### Problem
Go to the line containing "this 1068×801 image." in the listing below. Output that line and each later one exactly.

### Data
* * * * *

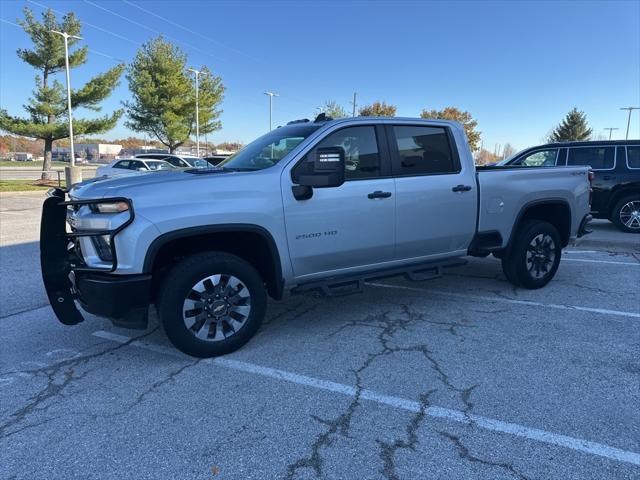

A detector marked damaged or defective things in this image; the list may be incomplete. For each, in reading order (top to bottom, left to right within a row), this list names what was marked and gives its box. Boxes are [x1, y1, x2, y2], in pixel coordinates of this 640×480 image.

crack in pavement [0, 328, 159, 440]
crack in pavement [440, 432, 528, 480]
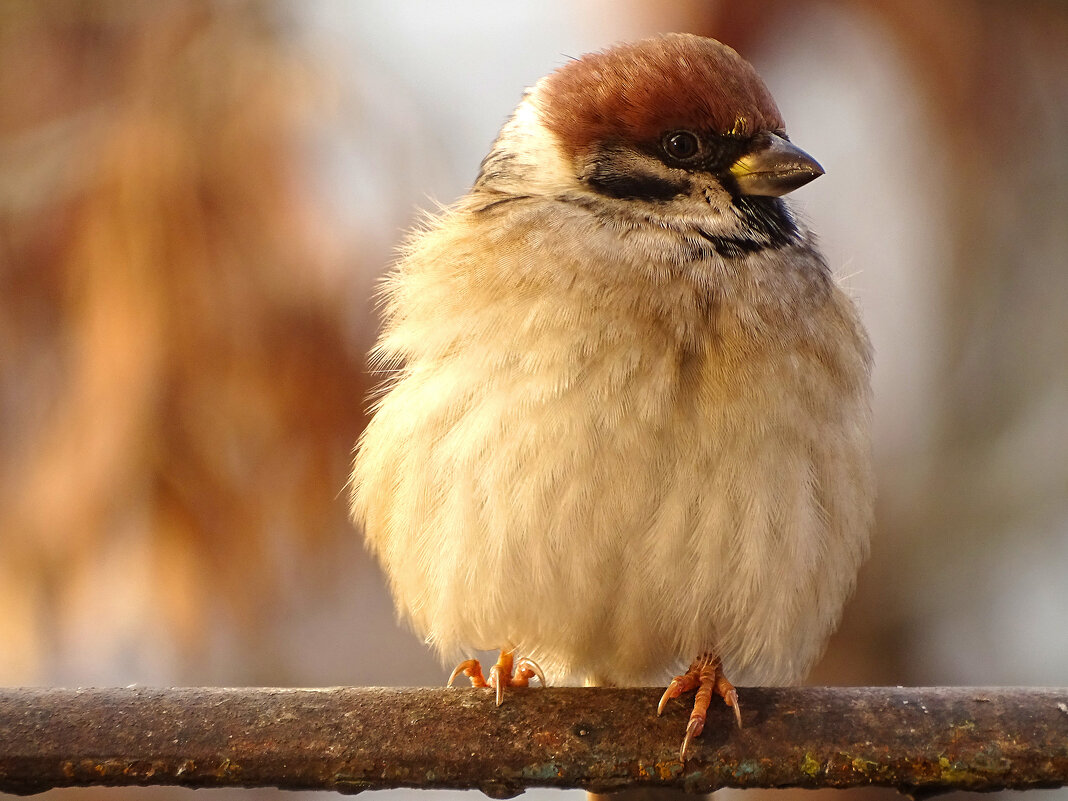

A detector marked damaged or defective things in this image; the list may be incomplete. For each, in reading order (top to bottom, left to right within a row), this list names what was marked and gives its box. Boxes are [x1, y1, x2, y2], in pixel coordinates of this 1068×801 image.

rusty metal rail [0, 684, 1064, 796]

* * * * *

### Output for this task
A detector marked damaged or defective things in this image; the list may be incomplete. For each, in reading order (top to bottom, left to right within a row), this list names what was marked and gives its box. Boxes are [x1, y1, x2, y2], in pixel coordinates of this 1068×801 image.

rusty metal rail [0, 684, 1064, 796]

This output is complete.